To do:
Look below for the line containing "Amtswechsel in der"; from there through the line containing "Lana geeft een", both lines included, please set down each line exactly and nothing else.

Data for analysis:
--------------------

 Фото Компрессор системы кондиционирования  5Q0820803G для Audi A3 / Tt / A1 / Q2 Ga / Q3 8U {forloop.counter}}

--------------------

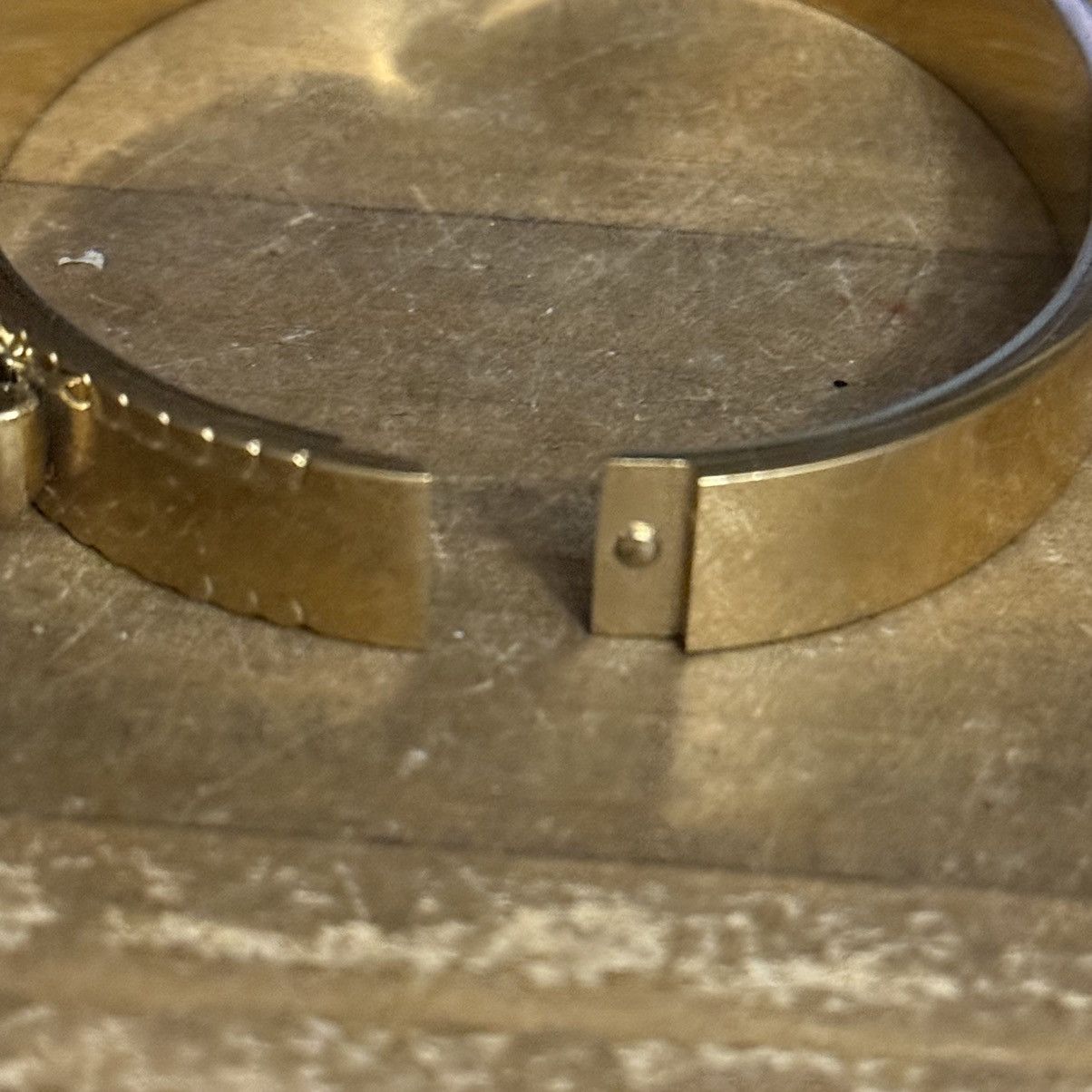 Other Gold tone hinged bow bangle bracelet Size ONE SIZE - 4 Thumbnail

--------------------

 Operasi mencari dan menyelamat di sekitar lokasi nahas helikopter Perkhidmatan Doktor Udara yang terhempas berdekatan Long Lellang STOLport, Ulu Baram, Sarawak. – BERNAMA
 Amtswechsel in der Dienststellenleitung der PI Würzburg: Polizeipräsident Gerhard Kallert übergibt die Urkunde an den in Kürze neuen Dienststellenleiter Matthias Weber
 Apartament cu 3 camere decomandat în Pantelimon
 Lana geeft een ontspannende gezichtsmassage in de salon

--------------------

Solution to this exercise:
 Amtswechsel in der Dienststellenleitung der PI Würzburg: Polizeipräsident Gerhard Kallert übergibt die Urkunde an den in Kürze neuen Dienststellenleiter Matthias Weber
 Apartament cu 3 camere decomandat în Pantelimon
 Lana geeft een ontspannende gezichtsmassage in de salon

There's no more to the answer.